When Ian Fleming published his very first James Bond novel "Casino Royale" all the way back in 1953, even he could have not conceived that his wonderful catalogue of espionage books would have lasted so long on the silver screen. Skyfall is newest addition to the longest running movie franchise in history. It also marks the 50th anniversary of James Bond on film. As you would expect, the super secret agent 007 returns yet again in the 23rd edition of the franchise. The role of James Bond is once again reprised by ever resourceful Daniel Craig, who with each outing is solidifying himself in the role while at the same time successfully not being typecast. This is quite a compliment considering the route of his predecessors, with the exception of Sean Connery, the original and arguably the greatest Bond.
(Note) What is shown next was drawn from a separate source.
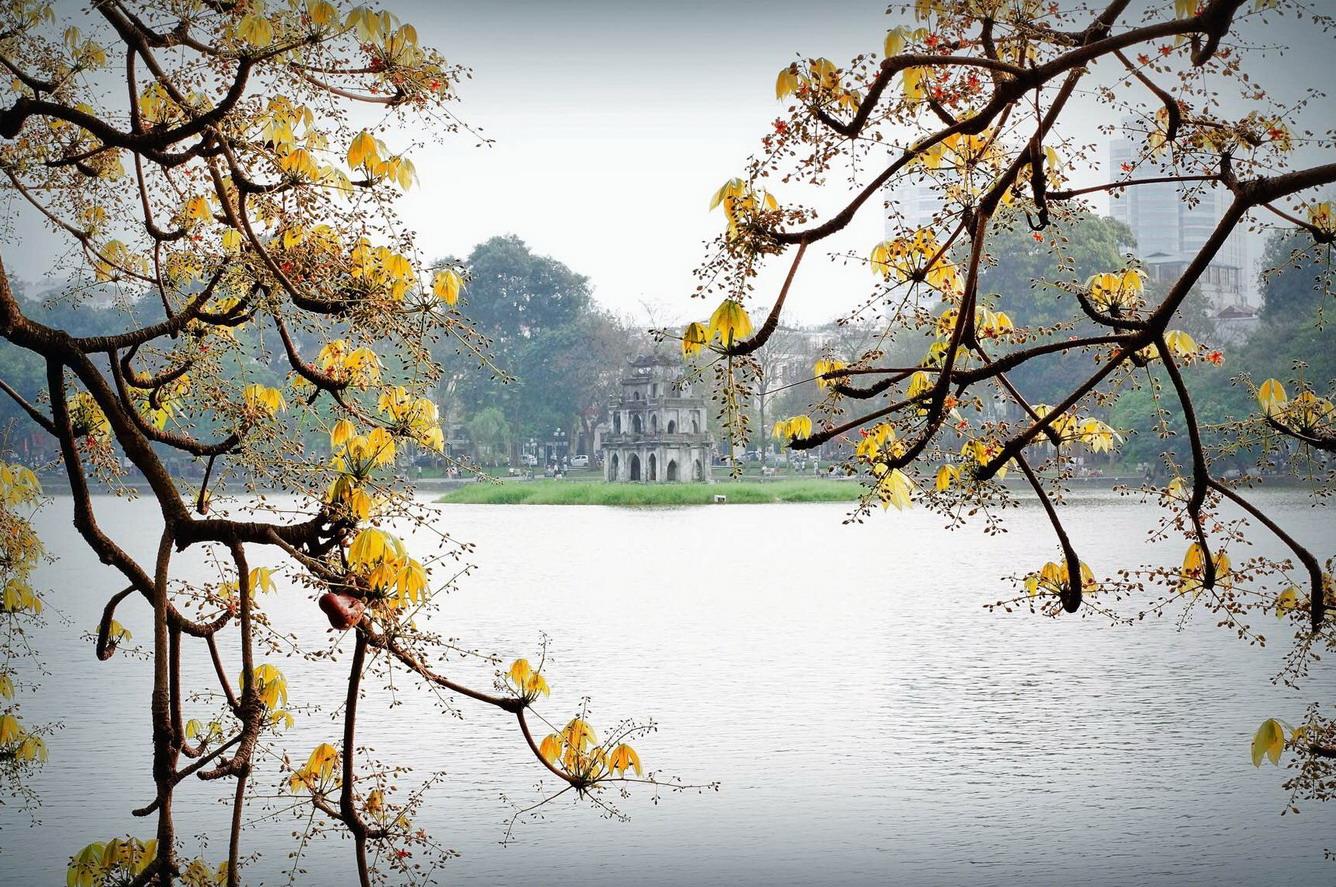 Experience of traveling to Hanoi in the breathtakingly beautiful autumn 4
Daniel Craig as 007 along with the famous Aston Martin DB5
Skyfall follows the series of events that occur as a result of the "apparent" death of James Bond while on duty for the British Secret Service. Bond is forced out of exile when a series of catastrophic events rattle the foundation of London. This is a direct consequence of decisions made by M, whose past is beginning to haunt her.
Bond girl Severine played by the stunning Berenice Marlohe
Unlike "Casino Royale", Skyfall is not officially an Ian Fleming novel. This is highly unfortunate, as the vast majority of Fleming's 007 books have already been converted for the silver screen. This is in spite of the fact that many of the novels were greatly modified for their screen adaptation, especially in the Roger Moore era. Screen writers Neil Purvis, Robert Wade and John Logan have made a respectable attempt at adapting Fleming's James Bond character for Skyfall. However many Bond enthusiasts will sense gaps in the story that are just not present in the movies inspired by the Ian Fleming books.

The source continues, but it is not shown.